Perhaps more important than ray tracing right now, DLSS has very tangible benefits. Games such as Cyberpunk 2077 can even use DLSS without enabling RT, which makes 4K viable on cards like the RTX 3060 Ti. A $900 GPU, running the most anticipated game of 2020 at maxed out settings (minus RT) and 4K at 60fps? Yeah, we didn’t see that coming at the start of the year. The 3060 Ti can also do maxed out RT with DLSS at 1080p and 60fps if you prefer.
Ray-traced mountains to climb
Two years on, and it’s interesting to see what has changed and what hasn’t. Nvidia is faster at RT, and enabling RT in most games is still a great way to tank performance for a modest improvement in visuals. But in the right situations, RT can make a big difference. There’s no way to get high-quality visuals suitable for film without ray tracing or path tracing, and while games continue to improve, we’re a long way off from playing anything that has visuals worthy of a summer Hollywood blockbuster.
One thing that has changed since the first RTX cards launched is the number of games with support for ray tracing. Big publishers may have been first out of the gate, but those first forays into real-time RT feel pretty lackluster compared to some of the latest games. At present, there are currently around two dozen games that use RT in some form, with many more currently in the works.
It’s funny how we can get used to games looking a certain way and be happy with it, and then along comes something new and our expectations change.

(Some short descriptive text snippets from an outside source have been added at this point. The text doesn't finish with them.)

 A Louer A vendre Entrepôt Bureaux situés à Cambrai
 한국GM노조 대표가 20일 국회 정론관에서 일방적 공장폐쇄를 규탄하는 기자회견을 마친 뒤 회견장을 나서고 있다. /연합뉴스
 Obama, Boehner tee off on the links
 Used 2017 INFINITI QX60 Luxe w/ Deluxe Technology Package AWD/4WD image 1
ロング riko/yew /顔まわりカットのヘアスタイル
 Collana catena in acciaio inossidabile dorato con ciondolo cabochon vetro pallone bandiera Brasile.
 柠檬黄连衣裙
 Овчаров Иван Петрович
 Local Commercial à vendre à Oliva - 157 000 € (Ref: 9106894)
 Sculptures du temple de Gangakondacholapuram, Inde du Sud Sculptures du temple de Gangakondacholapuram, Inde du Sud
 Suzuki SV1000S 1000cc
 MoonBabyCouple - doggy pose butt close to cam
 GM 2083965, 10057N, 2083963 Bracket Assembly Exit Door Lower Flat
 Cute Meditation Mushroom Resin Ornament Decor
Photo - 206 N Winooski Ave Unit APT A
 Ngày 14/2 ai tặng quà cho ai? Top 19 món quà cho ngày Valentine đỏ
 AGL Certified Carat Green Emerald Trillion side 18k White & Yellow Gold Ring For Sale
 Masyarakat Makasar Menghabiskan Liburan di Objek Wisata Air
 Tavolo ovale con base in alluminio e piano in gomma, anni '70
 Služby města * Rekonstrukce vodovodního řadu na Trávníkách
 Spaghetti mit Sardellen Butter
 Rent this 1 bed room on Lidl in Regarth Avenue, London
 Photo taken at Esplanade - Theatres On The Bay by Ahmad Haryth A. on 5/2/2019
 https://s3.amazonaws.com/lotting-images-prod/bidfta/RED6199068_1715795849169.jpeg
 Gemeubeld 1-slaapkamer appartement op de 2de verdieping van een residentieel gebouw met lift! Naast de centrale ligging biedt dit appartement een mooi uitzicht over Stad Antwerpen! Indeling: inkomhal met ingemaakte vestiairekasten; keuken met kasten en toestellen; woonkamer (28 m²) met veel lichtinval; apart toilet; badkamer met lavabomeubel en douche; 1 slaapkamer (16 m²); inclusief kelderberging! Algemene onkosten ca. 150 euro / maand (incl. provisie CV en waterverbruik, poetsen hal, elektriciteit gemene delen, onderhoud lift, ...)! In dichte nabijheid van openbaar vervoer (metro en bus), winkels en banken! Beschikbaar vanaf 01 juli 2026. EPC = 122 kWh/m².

Control paved the way with a new level of visual fidelity, and Cyberpunk 2077 now joins it, with most other games still trying to catch up. While you can certainly play either game without ray tracing, once you’ve spent some time running around the hallways of the Federal Bureau of Control or Night City in all their RT glory, you miss the improved reflections, lighting, and shadows once they’re gone.
We remember the days of the first programmable shader GPUs, with games like Crysis causing hardware to physically cry out in pain at times. It took many years before that level of graphics became relatively commonplace, and ray tracing will follow the same path. We’re still nowhere near the point where RT hardware has fully penetrated the market. Part of that is thanks to the rise of laptops. 12 percent of all PCs on Steam might have RT-capable GPUs, but if we’re looking purely at laptops, that number will certainly be lower. Consoles getting RT hardware was probably necessary before we’d get to see the tech proliferate.
With the latest GPUs, we now have cards that are significantly faster than two years ago, and future generations will continue the upward climb. In that sense, right now we’re really just trudging through the mist-shrouded foothills of ray tracing, looking up to the summit in the distance. It’s going to take time to get there, but in another two or three generations of graphics hardware we’ll think back fondly on our hike through the valley of rasterisation and conclude that, yes, the ray-traced panorama before us was worth the effort.